Das grenzt an Rassismus kritisieren einige – und verweisen darauf, dass auch die August- und September-Blätter die Grenzen des guten Geschmackes deutlich überschritten.

Ähnlich denkt mal wohl auch im bayerischen Innenministerium. Jedenfalls hat man inzwischen alle bayerischen Polizeipräsidenten aufgefordert, das Thema zu „sensibilisieren“. Münchens Polizeipräsident Dr. Wilhelm Schmidbauer reagierte umgehend: Er lässt alle Kalender abhängen. Begründung: die Freiheit der Kunst sei zwar ein hohes Gut, aber der Kalender spiegele eine Geist wider, der mit dem Selbstverständnis der Münchner Polizei nicht vereinbar sei.

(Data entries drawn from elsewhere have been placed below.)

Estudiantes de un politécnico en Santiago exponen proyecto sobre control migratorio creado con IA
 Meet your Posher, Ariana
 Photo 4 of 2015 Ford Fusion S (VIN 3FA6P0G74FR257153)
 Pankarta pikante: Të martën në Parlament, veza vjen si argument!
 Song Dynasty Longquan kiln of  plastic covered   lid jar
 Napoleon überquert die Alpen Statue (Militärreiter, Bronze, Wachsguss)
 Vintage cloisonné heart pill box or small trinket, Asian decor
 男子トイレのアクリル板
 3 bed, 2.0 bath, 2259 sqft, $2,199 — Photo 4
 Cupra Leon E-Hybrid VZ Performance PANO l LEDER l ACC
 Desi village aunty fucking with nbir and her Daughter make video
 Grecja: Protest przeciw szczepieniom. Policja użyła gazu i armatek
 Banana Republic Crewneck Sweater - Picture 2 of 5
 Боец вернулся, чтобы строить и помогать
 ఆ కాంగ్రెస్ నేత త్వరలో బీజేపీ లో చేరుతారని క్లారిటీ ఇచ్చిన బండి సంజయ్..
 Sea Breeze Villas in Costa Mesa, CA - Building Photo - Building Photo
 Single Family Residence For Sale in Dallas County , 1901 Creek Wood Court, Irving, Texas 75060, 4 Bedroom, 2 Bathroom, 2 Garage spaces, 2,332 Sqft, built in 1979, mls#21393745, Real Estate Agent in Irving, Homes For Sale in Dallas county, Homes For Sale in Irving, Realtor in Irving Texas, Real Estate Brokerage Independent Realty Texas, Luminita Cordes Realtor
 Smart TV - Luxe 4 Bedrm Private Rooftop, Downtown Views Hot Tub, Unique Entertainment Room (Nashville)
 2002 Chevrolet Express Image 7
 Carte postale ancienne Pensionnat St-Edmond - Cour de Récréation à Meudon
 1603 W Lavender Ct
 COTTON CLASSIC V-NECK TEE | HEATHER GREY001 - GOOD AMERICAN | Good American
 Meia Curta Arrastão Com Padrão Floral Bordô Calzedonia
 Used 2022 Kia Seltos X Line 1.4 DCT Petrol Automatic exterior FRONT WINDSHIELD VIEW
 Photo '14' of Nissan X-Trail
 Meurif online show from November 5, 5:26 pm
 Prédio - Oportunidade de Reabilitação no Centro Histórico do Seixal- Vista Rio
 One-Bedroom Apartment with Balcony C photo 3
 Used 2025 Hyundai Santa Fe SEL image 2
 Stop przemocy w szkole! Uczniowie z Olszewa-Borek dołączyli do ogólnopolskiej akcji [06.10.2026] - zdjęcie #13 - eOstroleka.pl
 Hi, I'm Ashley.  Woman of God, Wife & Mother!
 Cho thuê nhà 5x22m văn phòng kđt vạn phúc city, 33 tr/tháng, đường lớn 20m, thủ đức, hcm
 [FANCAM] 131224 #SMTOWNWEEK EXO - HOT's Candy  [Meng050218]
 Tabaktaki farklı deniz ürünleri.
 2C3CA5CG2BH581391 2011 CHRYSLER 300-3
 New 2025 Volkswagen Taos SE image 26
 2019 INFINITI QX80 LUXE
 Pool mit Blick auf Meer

Jürgen Ascherl vom Landesvorstand der DPolG kann den Wirbel nicht verstehen. „Es liegt im Wesen einer Karikatur, die Dinge zuzuspitzen. Für mich ist das, was da jetzt passiert, Zensur.“

Sein Vorstandskollege Rainer Nachtigall will nicht ganz so weit gehen, er versichert: „Wir wollten mit dem Kalender niemanden provozieren und keinesfalls die Gefühle von Mitbürgern verletzen.“ Allerdings hätte sich Nachtigall einen anderen Umgang mit dem Thema gewünscht: „Es wäre schön gewesen, wenn die Polizeiabteilung im Innenministerium ihre Bedenken uns gegenüber geäußert hätte, dann hätten wir ja reagieren können. Der Kalender wurde ja schon Ende letzten Jahres verteilt.“ Außerdem hält Nachtigall die Haltung des Ministeriums für inkonsequent. „Wenn man sich sicher ist, hätte man den Kalender ja gleich verbieten können, anstatt zu sensibilisieren …“ 

Tatsächlich reagieren wohl nur wenige Polizeipräsidenten so energisch wie Wilhelm Schmidbauer. Den meisten genügt es durchaus, wenn die Kalender aus den Dienststuben mit Publikumsverkehr verschwinden. Im kleinen Bürokammerl dürfen sie ruhig hängenbleiben.